[Instructions for the task] Once the pictures are removed, restate the data below word for word.

[Material supplied]
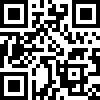 https://agaah.ir/x35Bjz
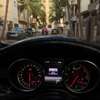 Mercedes Benz GLE 43 2019 thumb 6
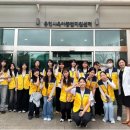 페이스맵(주) 이미지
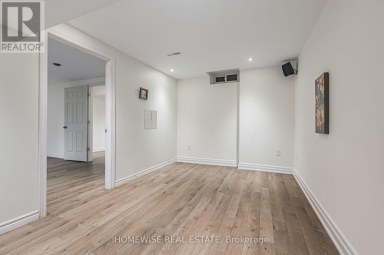 5859 RIVERSIDE PLACE Mississauga (East Credit) Ontario photo 38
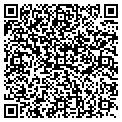QR code with Flood Control contacts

[Completed task]
 https://agaah.ir/x35Bjz
 Mercedes Benz GLE 43 2019 thumb 6
 페이스맵(주) 이미지
 5859 RIVERSIDE PLACE Mississauga (East Credit) Ontario photo 38
QR code with Flood Control contacts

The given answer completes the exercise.